Passés les matins, passés les jours, passés les années, comme résignés, comme abasourdis, on ne fronde même plus, on ne s’insurge pas ; au gré du vent et de l’actualité, on se contente de hausser les épaules, et, du bout des lèvres, l’inquiétude inavouable, ravalée, la gorge sèche, on se rassure dans ses chaussons : «Tout cela n’est pas si bien grave que ça ! Il s’agit d’un vote protestataire. Il s’agit d’une crise de croissance de nos sociétés. Leur truc ne prendra pas. Ils ne nous surprendront plus jamais dans nos libertés.
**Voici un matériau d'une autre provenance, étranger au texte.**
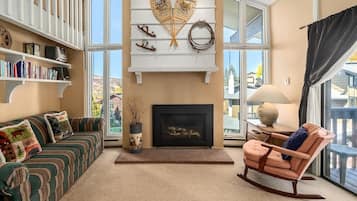 Townhome, 2 Bedrooms | Living area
Ils ne nous voleront plus nos jours, nos vies, nos libertés.»

 

Et les nouvelles, les mauvaises nouvelles qui se suivent et se ressemblent : le Jobbik passé de 2,2% aux législatives de 2006 à 20,2%, en 2014 ; l’Alternative für Deutschland en deuxième position aux législatives dans la région du Mecklembourg-Poméranie occidentale avec 22% des voix ; le «Perussuomalaiset» (Parti des Vrais Finlandais) au gouvernement ; le Ukip qui monte et le Brexit, le Fidesz du Premier ministre hongrois… Et récemment, le candidat de l’extrême droite à l’élection présidentielle autrichienne qui frôle les 50 % de voix ! Inondés de sueurs, on pousse un ouf de soulagement, on sort tambours et trompettes, on célèbre ; on se félicite comme il se doit, n’est-ce pas, de la victoire du candidat de la démocratie sauvée ! La catastrophe remise à plus tard. Vaincu le mauvais. Mais le mal … ? Le mal vraiment vaincu ? Le mal n’est-il, d’ailleurs, déjà pas trop avancé ?

 

En vérité, en vérité, on n’a pas voulu voir et on ne veut pas voir ce que l’on voit. Entêtement et refus de (re)-voir le mal dans ses re-commencements ? Dans ses survivances ? Dans ses résurgences ? Dans ses re-nouveaux ? Dans ses re-naissances ? Mémoire collective de plus en plus trouée ? En vérité, en vérité, on peut mourir de défaut de mémoire. Nous sommes déjà au sol, en attendant, à la prochaine descente de l’histoire, que nous demeurions sans sursaut, le coup de grâce et le sous-sol. Oui, le gris masque déjà l’horizon ; oui, les démocraties sont, elles aussi, hélas, périssables, mortelles. Il est temps de se ressaisir!